Страница 7 из 14
Еще через год наша поселковая общественность (женского по преимуществу пола) устала жалеть Демпстера и начала склоняться к мнению, что он такой же чокнутый, как и его жена. Подобно многим людям, подвергающимся остракизму, они стали проявлять еще более отчетливые признаки странности. Однако моя мать держалась непоколебимо, ее сострадание не было похоже на бабочку-однодневку. В результате Демпстеры попали, в некотором смысле, под опеку нашей семьи, а мне прибавилось работы. Мой брат Вилли почти ничего для них не делал. Он был на два года старше меня, учеба отнимала у него больше времени, ну а после школы он шел в типографию «Знамени» – помогать отцу и постигать азы профессии. Как и всегда, моя мать держала события под своим контролем, а отец, свято уверенный в ее непогрешимости, полностью одобрял все, что она делала.
6
Должность неофициального попечителя семьи Демпстеров доставляла мне уйму хлопот и нисколько не увеличивала мою популярность. Слава еще Богу, что я быстро рос и был достаточно сильным для своего возраста; немногие из ребят, с которыми я ходил в школу, решились бы сказать что-нибудь такое мне в лицо, зато у меня за спиной говорилось более чем достаточно, и я об этом знал. Одним из говоривших был Перси Бойд Стонтон.

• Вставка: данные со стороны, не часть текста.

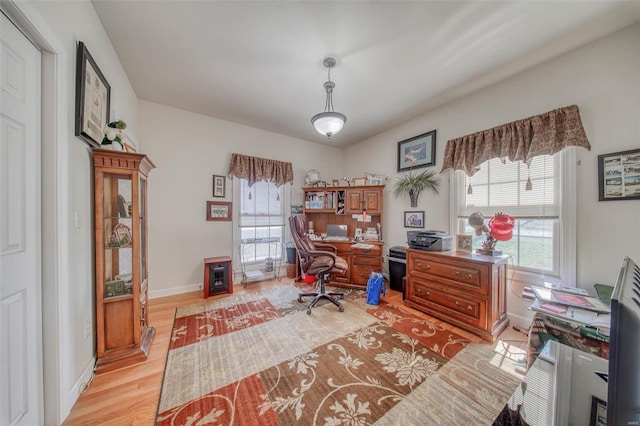 office with baseboards and light wood finished floors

Он занимал в нашем школьном мире особое место. Есть люди, сызмала способные окружить себя ореолом некой важности, исключительности. Перси был такого же роста, как я, только поплотнее – не то чтобы толстый, но пухлый. Он ходил в школу в лучшей, чем все мы, одежде, у него имелся интересный перочинный ножик с цепочкой, чтобы пристегивать к поясу, а его чернильницу можно было перевернуть, не разлив ни капли; по воскресеньям он щеголял в костюме с модным хлястиком на спине. Он ездил однажды в Торонто на выставку и вообще повидал значительно больше, чем мы, остальные.
Мы с Перси постоянно соперничали, на его стороне были импозантность и богатство, на моей – острый язык. Я был тощий и нескладный, постоянно донашивал одежду, из которой вырос Вилли, но зато славился в школе своими язвительными замечаниями, «пенками», как мы их называли. Если меня доставали, я мог отмочить такую пенку, что ее повторяли потом годами – наша компания ценила убойные шутки и обладала долгой памятью.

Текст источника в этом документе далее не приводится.